Hay un grupo de gentes conocidas de Madrid que aman a Cataluña, comenzando por su alcaldesa. Es de agradecer, saberse amado en tiempos turbulentos es gratificante para cualquiera y amar al prójimo es deber de buen cristiano. Incluso la vicepresidenta Sáenz de Santamaría habrá expresado su amor por la tierra de la Moreneta más de una vez, pero este tipo de declaraciones nos sirve de poco. El desencuentro entre España y Cataluña no es una cuestión de desamor, sino de ninguneo político e institucional persistente en los últimos años. Lo nuestro es cosa de respeto y reconocimiento mutuo.

Cuando escucho a alguien declarar su amor por Cataluña siempre me espero lo peor. Claro que prefiero unas palabras dulces a una agresión verbal como la propinada por Quevedo, el pepero de su siglo, cuando en su día dijo aquello de "son los catalanes aborto monstruoso de la política". Nadie quiere sentirse ofendido, pero tampoco entretenido en el intercambio de bonitas declaraciones de amor que no conducen a ningún sitio. Pero así estamos, es tal la presión ambiental, el cierre de filas existente en Madrid entorno a la idea de la unidad sagrada, que no podemos esperar de los amigos y de las gentes inteligentes de allí otra cosa que unos besos simbólicos. Es poco, tan poco como lo que les podemos ofrecer nosotros a ellos dada la obstinación de nuestra otra mitad en dar por finiquitada una relación con mucho campo por explorar.

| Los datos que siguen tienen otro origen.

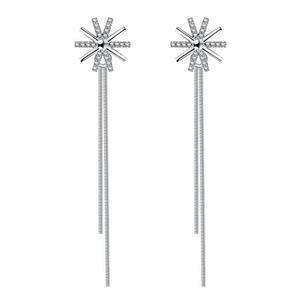 2PCS Copper Jewelry Woman Fashion Retro Long Tassel Hollow Flower Pop Earrings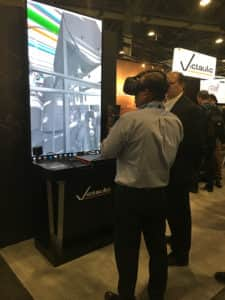 Testing Virtual Reality in booth at Autodesk University 2017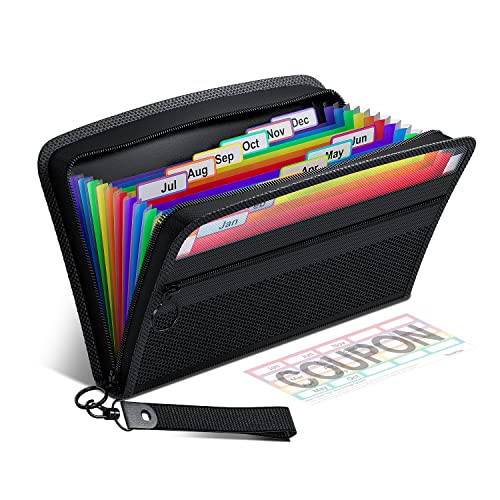 ThinkTex Quittung Coupon Organizer, 12 Taschen kleine Akkordeon-Datei Veranstalter, klein Größe 28 x 15 cm, Reißverschluss, Bunt Etiketten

Nadie quiere sentirse ofendido, pero tampoco entretenido en el intercambio de bonitas declaraciones de amor que no conducen a ningún sitio

Cuando hubo algo entre nosotros, catalanes y españoles, la solidaridad se demostraba con acciones de cierto compromiso personal y colectivo. Pronto va a cumplirse el aniversario de la famosa cena del Ritz, celebrada con ocasión del homenaje a los intelectuales y escritores españoles que en 1924 osaron firmar un manifiesto en defensa de la lengua catalana. Fernando de los Ríos, Ortega y Gasset, Ossorio y Gallardo, Bergamín, Pedro Salinas y así hasta 120 personalidades le pusieron su nombre a pie de página y se lo mandaron al dictador Primo de Rivera.

Al cabo unos años, en marzo de 1930, sus homónimos catalanes les ofrecieron en plena dictablanda, un 155 a lo grande, dicho homenaje al que acudieron la gran mayoría de los firmantes. Pi i Sunyer, Pompeu Fabra, Puig i Cadafalch, Nicolau d'Olwer y varios cientos más personajes catalanes relevantes de la época cenaron con ellos y cuando acabaron mandaron un telegrama al presidente del consejo de ministros, el general Berenguer, exigiendo "la derogación de las disposiciones de la dictadura que han oprimido y agraviado la lengua y la libertad de Cataluña".

Américo Castro dijo a lo que vinieron desde Madrid: a entablar el diálogo de las letras después de acabar con el monólogo de las armas. Las armas y la represión solo fueron acalladas por unos pocos años, desgraciadamente; sin embargo el valor de aquel gesto parece ahora difícil de repetir. El silencio actual no se explica por el miedo a las armas porque no las hay, felizmente, ni tan solo por la severidad de los jueces con todo aquel que se mueva en contra de la integridad de la idea imperante de España, la diferencia más relevante es que en aquel entonces la solidaridad se asentaba en un proyecto común, el progreso y la república para todos los pueblos de España, en el que el reconocimiento político de Cataluña era imprescindible para cerrar una alianza con probabilidades de victoria. En las comidas de gente guay no parece que haya nada por construir. Solo palabras de amor.